Tuesday, May 27, 2014

I'm going to write back right away.

I was thinking that so I thought that should be the title.

Woo hoo for new beginnings ( I was going to say endings but this sounds better). I totally get you on getting all nostalgic when you're about to leave somewhere. I was thinking how I'd be all sad when its time for me to leave even though I desperately do want to move on. I actually read a great quote about this that captures this so well, I dont recall the exact words but it's something like when you're about to leave something you suddenly start missing everything, the people, the space, everything and it's not really about those specific things at all but really the thing that youre really leaving behind is the kind of person you were at this time and place. Like during this episode of youre life you were Jenna who worked for Chopped, and thats what you're really leaving behind.

So totally didnt mean to make you even more nostalgic with that but thought I would share.

Definitely make your time valuable! In an attempt to make more sense of my life and find happiness I have made a spreadsheet of every day this summer and have been filling it up with plans/goals, etc. I think the type A in me really kind of gets excited when I see all my plans written out like that. That and I know Im doing something and it forces me to take a good look at the days in the summer and try to make the most of them. So yes, make lists and goals and do all of them because in the end no matter how many things go wrong, for things like jobs or london we only need one thing to go right and we're set.

Eleanor & Park was great. I couldnt put it down once I started and its been a while since Iv found a book like that.  You're definitely right that its beauty was in its simplicity which is so rare to find in today's day and age. The quote from the book I loved was "She never looked nice. She looked like art and art wasn't supposed to look nice. It was supposed to make you feel something."

I am becoming a big softie. That or I have my moments.

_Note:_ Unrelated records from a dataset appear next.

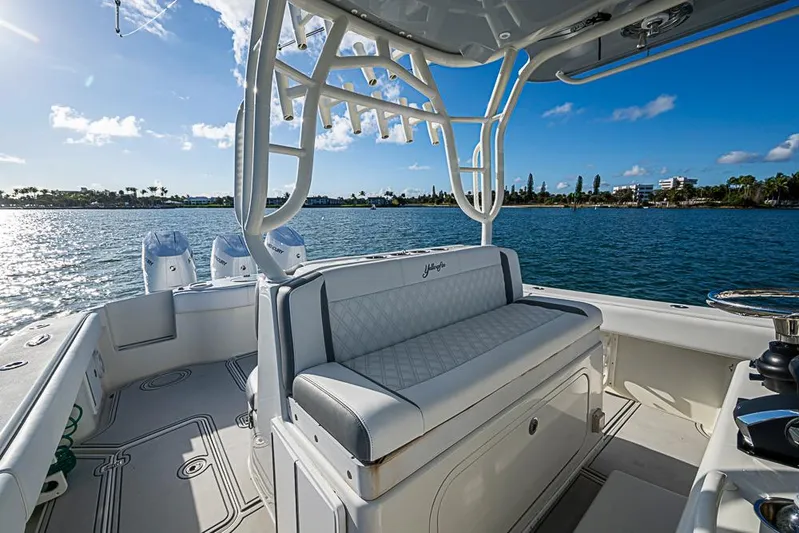 Quest Yacht Photos Pics 2011 Yellowfin 39 Offshore boat interior with seating, ocean view, and clear sky.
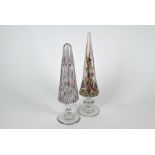 A conical glass 'Devil's Fire' obelisk paperweight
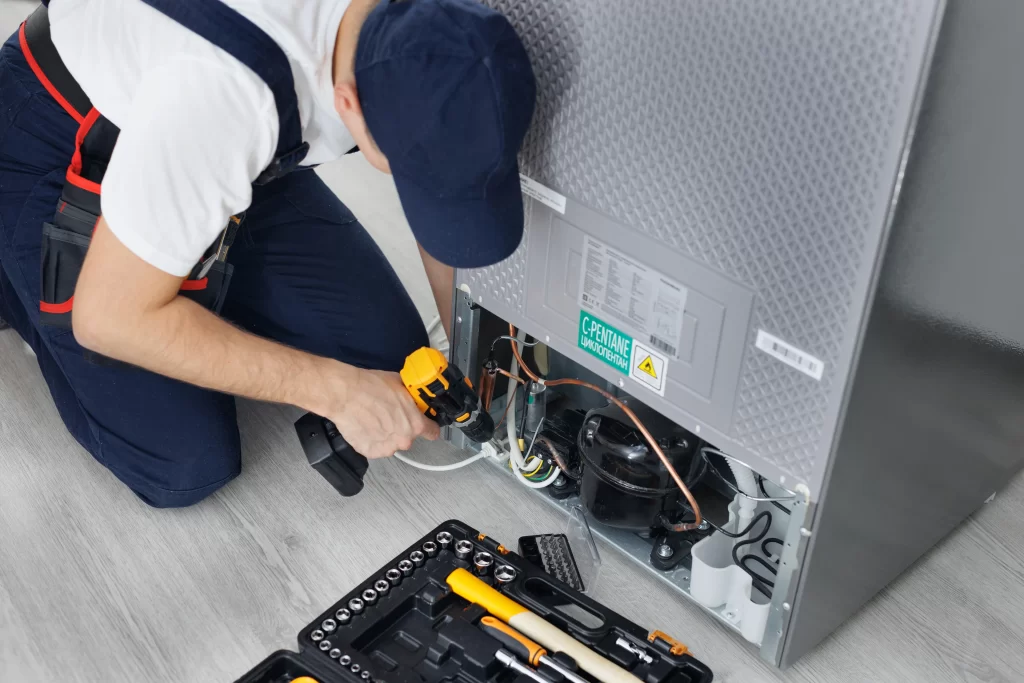 Hombre revisa motor de refrigerador para resolver ¿Por qué mi refrigerador LG no enfría pero sí prende? Causas y soluciones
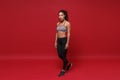 Beautiful young african american sports fitness woman in sportswear posing working out isolated on bright red background Royalty Free Stock Photo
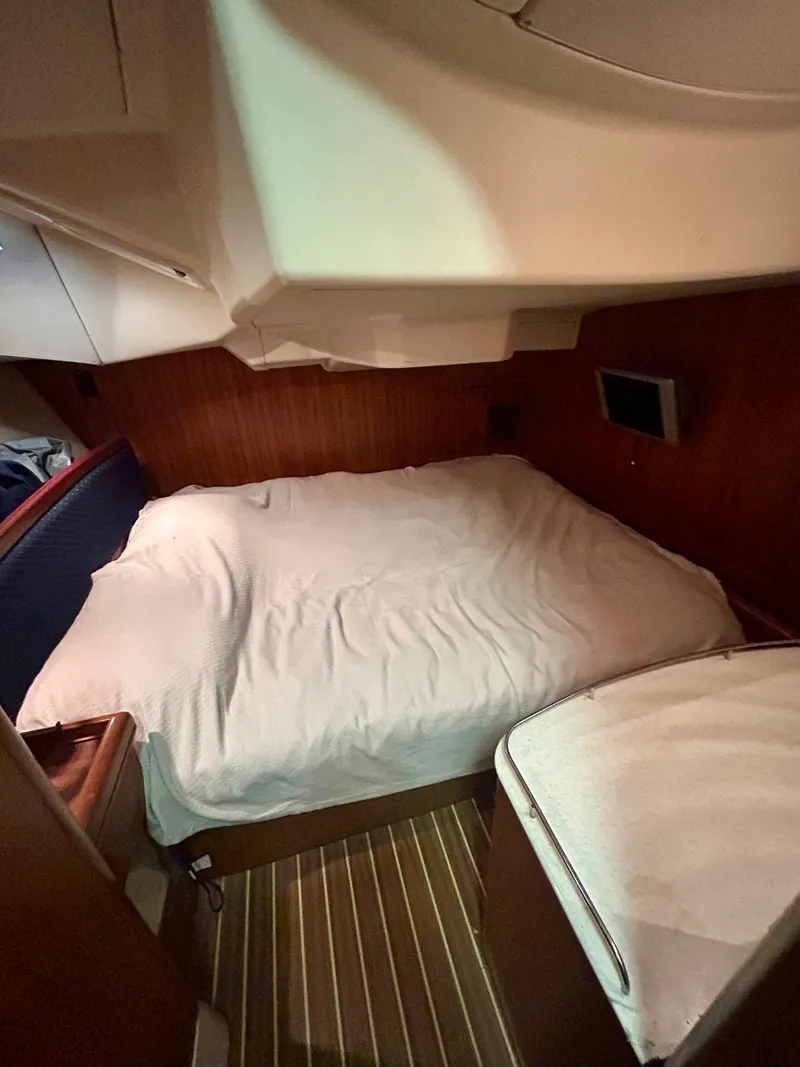 Slide: The Image of The cabin of a 2005 Hunter 41 Aft Cockpit with a cozy double bed. - 10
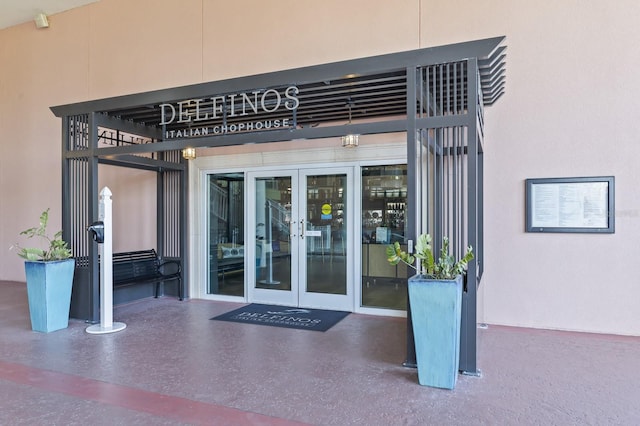 entrance to property with french doors and stucco siding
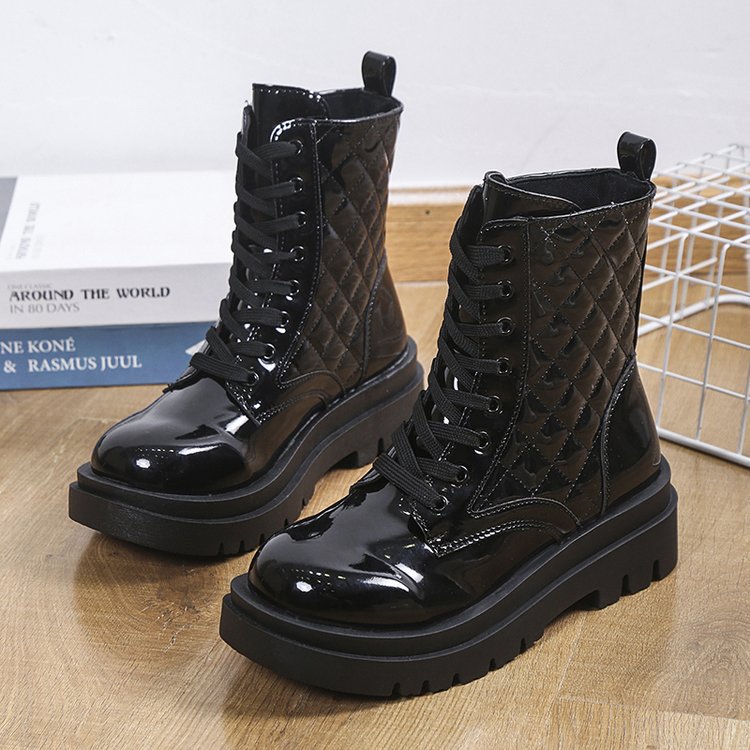 Black patent leather combat boots with quilted design, thick soles, and lace-up front on wooden floor. Fashionable women's footwear for fall.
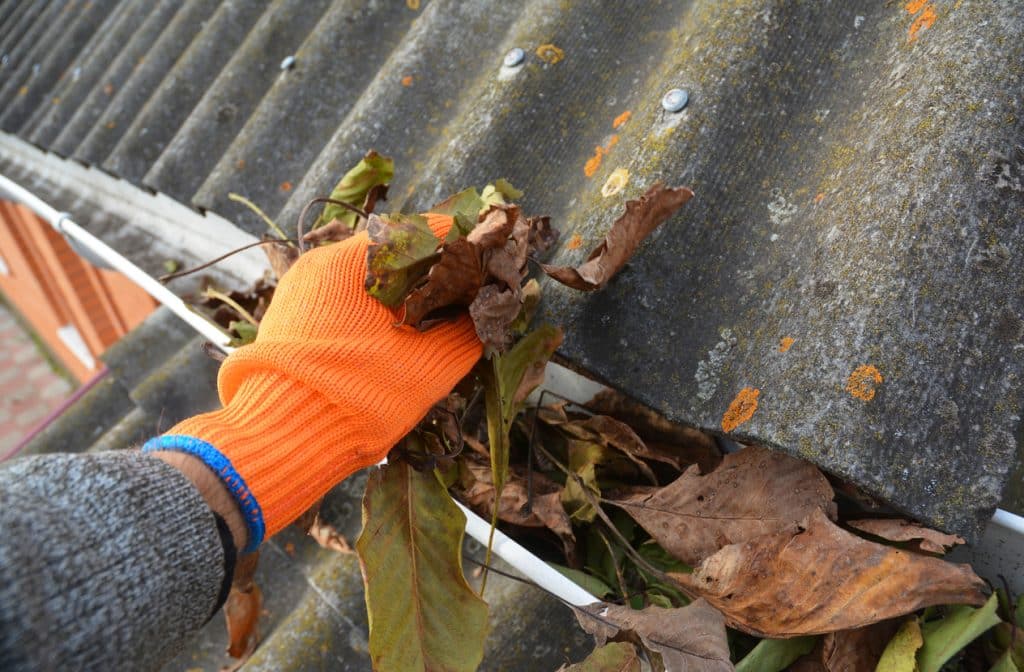 cleaning a blocked rain gutter
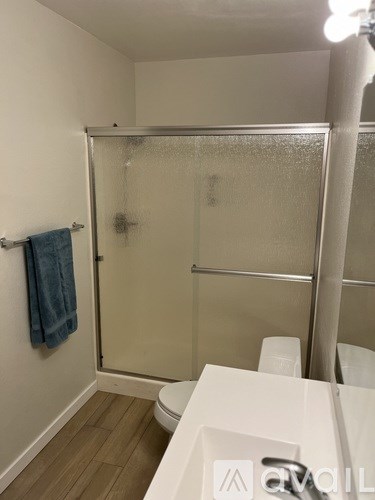 A small bathroom with a toilet, sink, and shower.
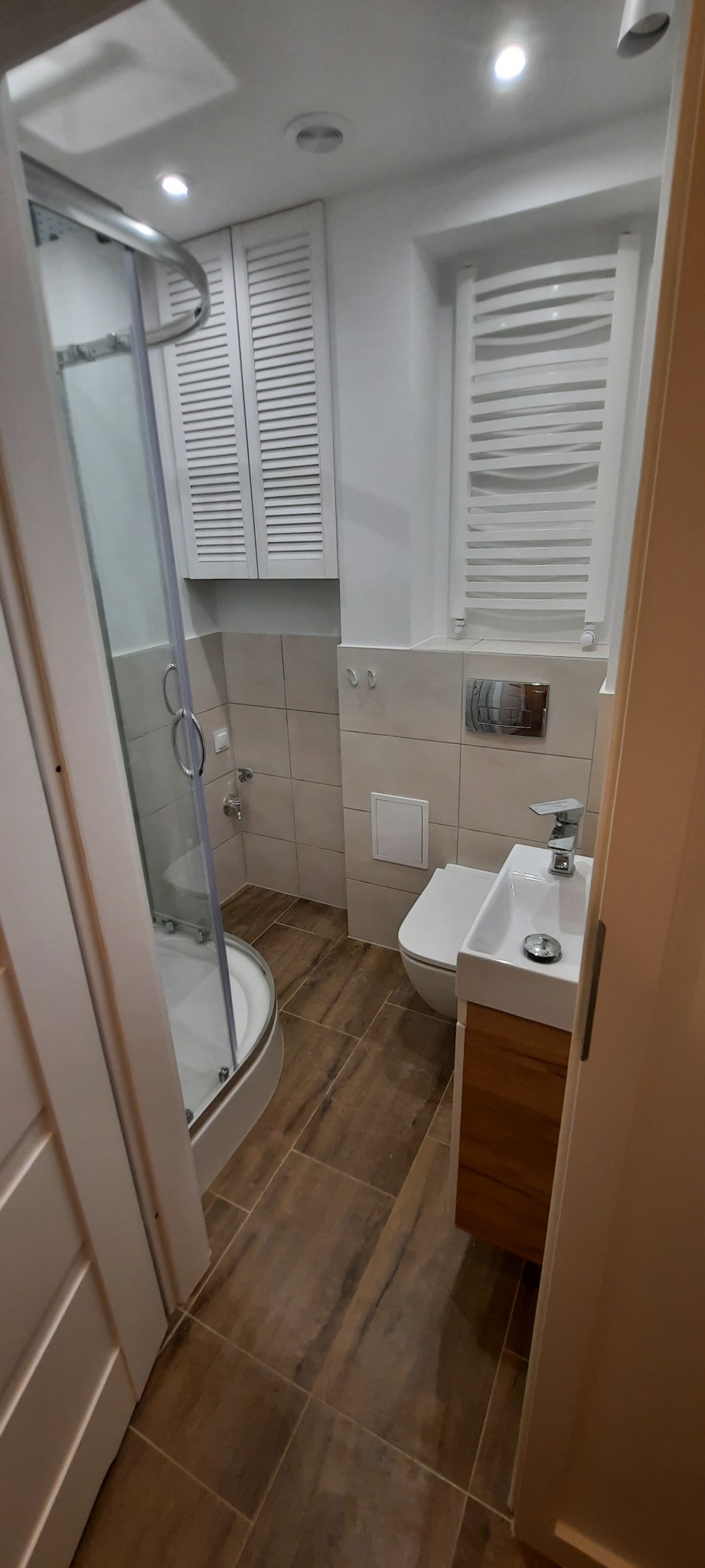 Nowoczesna łazienka po remoncie z kabiną prysznicową, toaletą, umywalką z szafką z drewnopodobnym frontem, grzejnikiem drabinkowym i szafką z żaluzjowymi drzwiczkami.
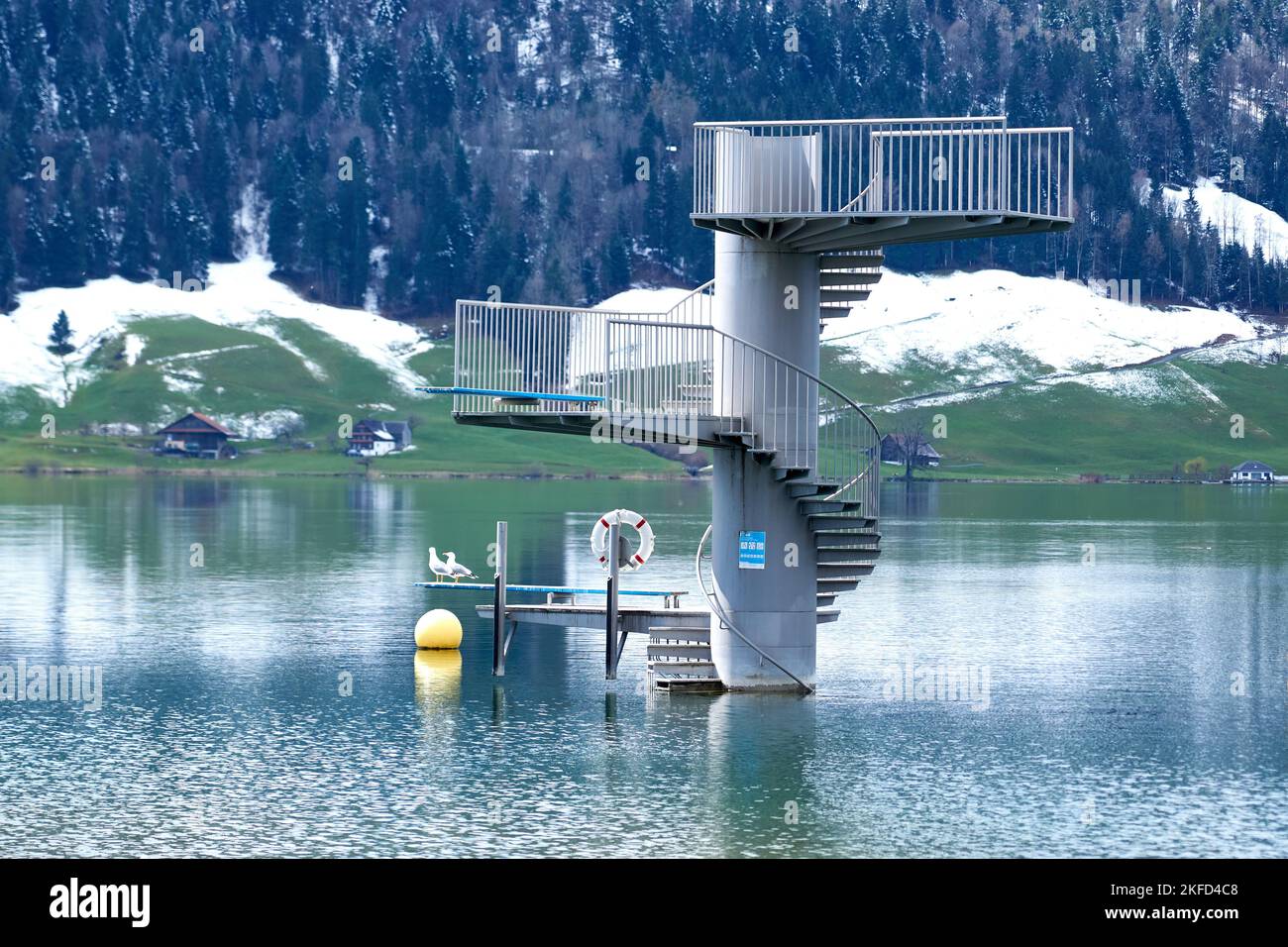 A lakeside diving platform of a local pool in Unteraegeri in Lake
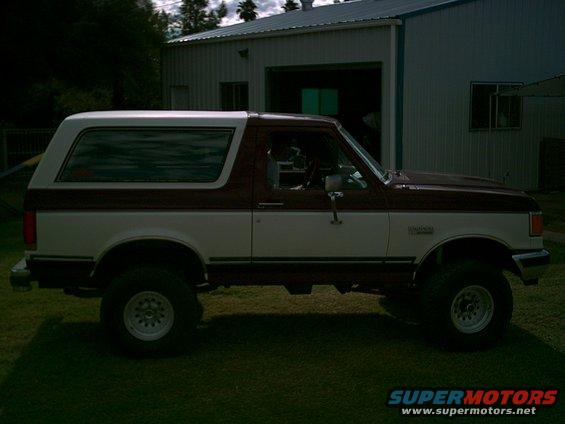 1988 Ford Bronco, two-tone maroon and white, parked in front of a metal building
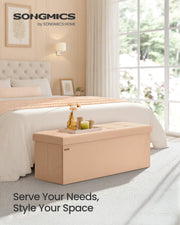 Ottoman shown open revealing internal storage with divider
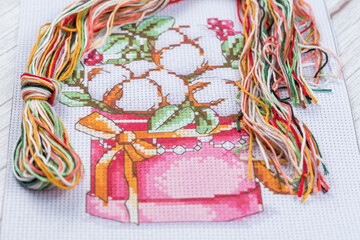 Cross-Stitch Set with printed canvas, needle and floss thread.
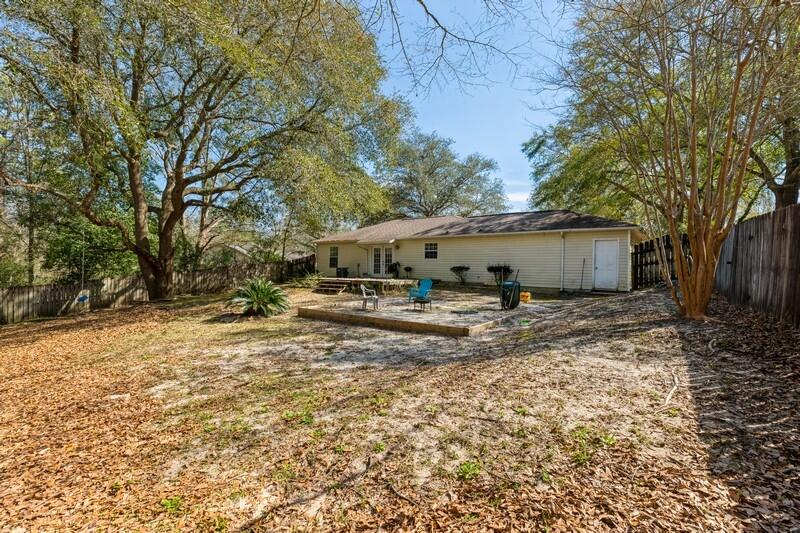 138 Edna Drive Crestview, FL 32536 - Photo 23 of 26 a view of a house with a yard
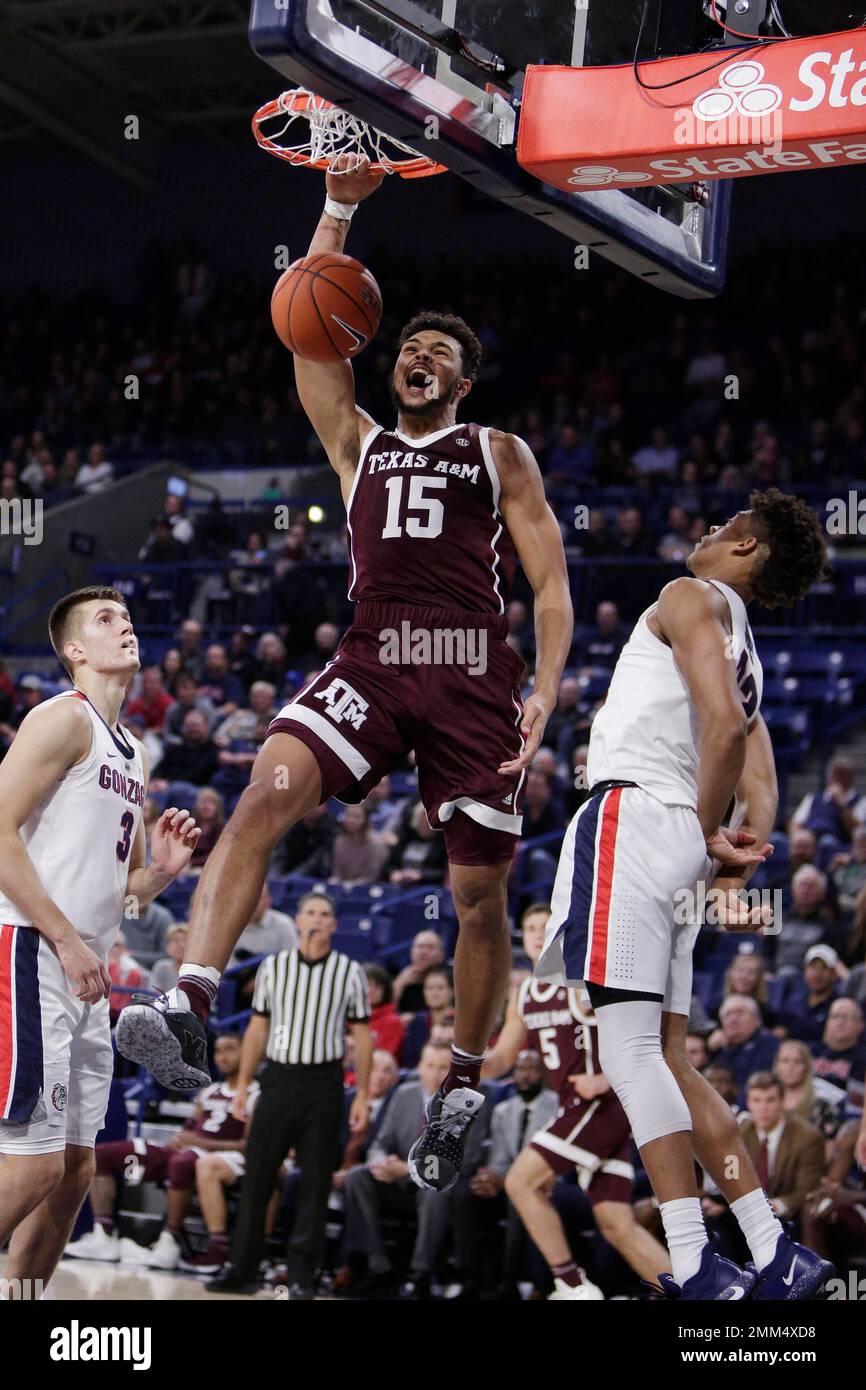 Texas A&M forward Isiah Jasey (15) dunks between Gonzaga forward Filip Petrusev (3) and forward Jeremy Jones during the second half of an NCAA college basketball game in Spokane, Wash., Thursday, Nov. 15, 2018. (AP Photo/Young Kwak) Foto Stock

My job search is going. I've definitely calmed down in that while Im still trying and applying I'm starting to accept that there is only so much I can control and do and the rest is playing the waiting game. When I am meant to move onto that next chapter it will happen ( as long as Im making every effort to make it happen thats the best I can hope for). I have a phone screen for something on thursday so hopefully that goes well!

The spec script is amazing, it's more my friend writing it to be honest, shes really great at the execution part. I'm helping out more on the ideation part, I can come up with funny scenarios and ideas but I never really know how to carry them through. If you do decide to write one I highly recommend plotbot.com

In other news Im also attempting to start a blog to document all things I find awesome so when I do get in a slump I have something to look back on to assure myself that my life has meaning. I started it like a day ago so its nothing yet but its http://monishashivakumar.wordpress.com/ in case you are interested =). (Yes im cheating on blogspot with wordpress, I can't help it blogspot is blocked on my work computer).

Keep me posted and have a great time in St.Louis! I hope we can find a weekend soon to catch up ( I can come over a random sat in June/July if you'll have me!) I miss you!